Ottuse perché fondate su una rappresentazione della realtà distorta. L’accordo ha poco a che fare con la riduzione dei dazi, già molto bassi. Riguarda le barriere non tariffarie, essenzialmente standard e regole non coincidenti. La differenza negli standard tra America ed Europa genera costi molto elevati agli scambi tra i due continenti, soprattutto rilevanti per le piccole imprese. L’esercizio principale del Ttip è un’armonizzazione delle regole. Un esercizio che permette di evitare che un produttore di giocattoli, di automobili o di cioccolatini debba modificare i propri prodotti secondo
il mercato in cui vende.

Armonizzare le regole significa certo accettare dei compromessi. È anche possibile che in alcuni casi non sia possibile fare un compromesso sensato e forse queste partite potranno essere lasciate da parte. Ma in moltissimi casi i compromessi sono possibili a costi relativamente bassi. A volte la soluzione sarà più vicina alle preferenze americane, altre a quelle europee, altre ancora sarà una buona via di mezzo. Comunque, nessun accordo commerciale tra aree economiche di entità e peso politico simile come gli Stati Uniti all’Europa potrà mai essere concluso con una parte che prevalga sull’altra. La sottomissione alle domande americane e per gli Stati Uniti la sottomissione alle domande europee, non sono scenari realistici.
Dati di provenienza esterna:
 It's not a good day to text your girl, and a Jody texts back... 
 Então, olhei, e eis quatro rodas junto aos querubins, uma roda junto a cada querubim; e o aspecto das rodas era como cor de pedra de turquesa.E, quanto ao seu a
E se le due aree del mondo in cui le preoccupazioni per l’ambiente, la salute e la sicurezza sono più
vive non riescono a darsi regole comuni, il rischio è che queste regole saranno imposte da aree dove
queste preoccupazioni sono
molto più attenuate.

Gli Stati Uniti hanno già concluso con molti Paesi asiatici e dell’America Latina una Trans pacific partnership. In un mondo di liberi scambi, se l’Europa non si muove a fissare regole comuni con gli Usa, rischierà infine di dover accettare standard fissati da altri, su oceani su cui non si affaccia. In questo senso l’accordo atlantico è la via maestra perché gli standard elevati che stanno a cuore sia agli europei
che agli americani possano
prevalere globalmente.

Per ottuse che possano essere, le posizioni anti-accordo prevarranno fino alla fine del ciclo elettorale con la chiusura delle urne tedesche, a parte per qualche candidato che avrà il coraggio e si assumerà la responsabilità di spiegare ai suoi elettori perché un accordo di questo tipo porterebbe migliorare il loro benessere. Intanto il Ttip starà in freezer. Sarà un temporaneo letargo o una sepoltura definitiva?

Ai nuovi eletti, chiuse le urne, si porrà un difficile commercio tra la propria coerenza e il benessere dei cittadini. Essere coerenti e uccidere definitivamente l’accordo, così privando i cittadini dei suoi benefici? O essere incoerenti e concludere l’accordo, a beneficio sia degli americani che degli europei?

Ambiguità e compromessi di un’Europa e di un’America dove si pensa a cosa gli elettori vogliano sentirsi dire, invece di ispirarli con progetti forti e utili a tutti.